1. Installing Python GDAL

  **Week 1 Homework: Installing Python GDAL**

    Grading Scale:
    0. Did not attempt.
    1. Installed npm.

  **Notes**

  - To review, rasters visualize Earth information by summarizing feaures using matrices.

  - Methods for capturing data include:
      
    - Aerial Photography (nadir images, 3D point clouds and digital elevation model (DEM), infrared, etc.).

      - United States Geological Survey's (USGS) Earth Explorer provides access to several satelite sources.

      - Google, Apple, Bing Maps.

    - Potential Evapotranspiration Networks (rasters derived from temperature, humidity, and wind ground station measurements).

      - University Corporation of Atmospheric Research's NCAR.
      
      - Oregon State's PRISM.

    - Light Detection And Ranging (LiDAR) derived DEM.

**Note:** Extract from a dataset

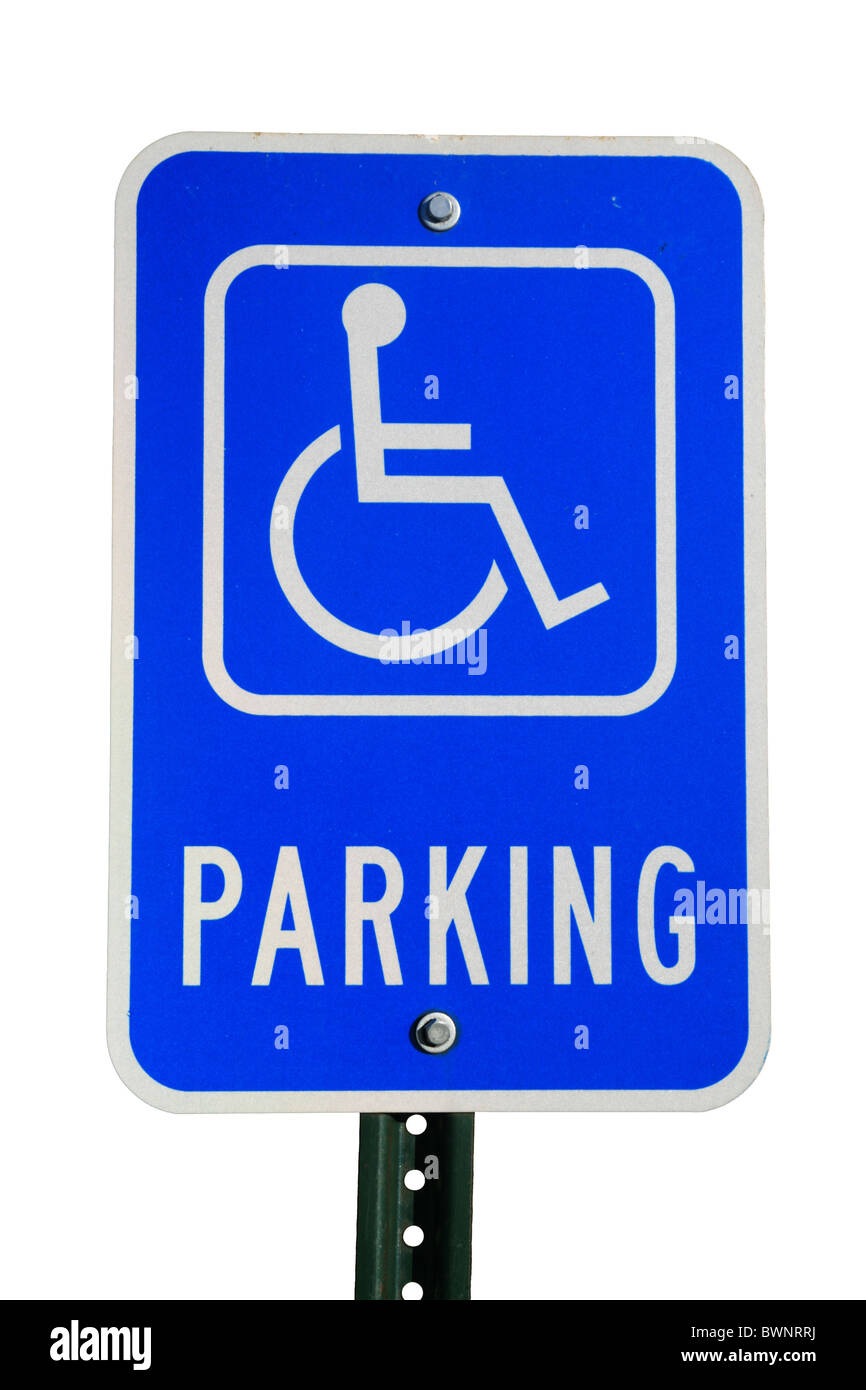 Parcheggio disabili segno isolato su sfondo bianco Foto Stock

    - Combination of all of the above.

  - Vehicles for capturing data include:

    - Robotic vehicles
    
    - Balloons

    - Planes or helicopters

    - Satelites

  - Each pixel represents a square of the length and width of a real world place by a number.

    - An example is RGB whose color is sometimes represented on a range from 0-255.

  - That number can be read with GDAL as a numpy variable and the matrix is transformed using various statistical techniques.

  - This chapter explains the various ways to seperate continuous information into summarizable categories without examining each pixel individually.

  **Homework Notes**

  - Use a VirtualBox or other Linux installation for this chapter.

  - The easiest way to install GDAL with Python bindings is to use the Python package manger "Conda".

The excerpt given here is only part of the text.